Supplied data —
_ _ _
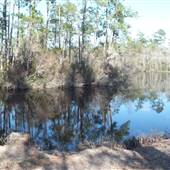 Pumphouse Landing Rd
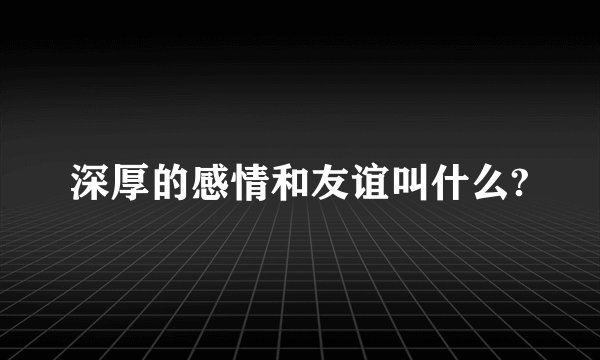 深厚的感情和友谊叫什么?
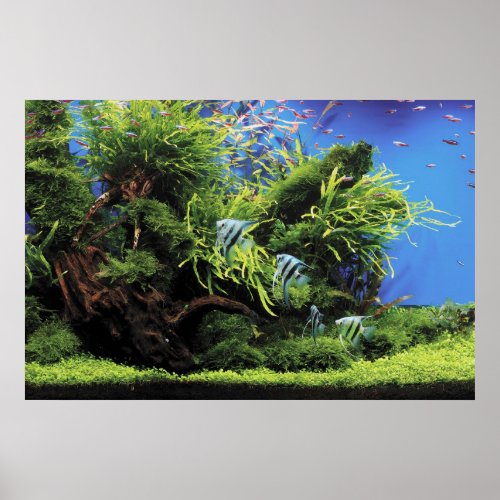 Aquarium of Freshwater Angelfish Poster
_ _ _
Would you return the whole listing exactly, without the pictures?

Result of the exercise —
 Pumphouse Landing Rd
 深厚的感情和友谊叫什么?
 Aquarium of Freshwater Angelfish Poster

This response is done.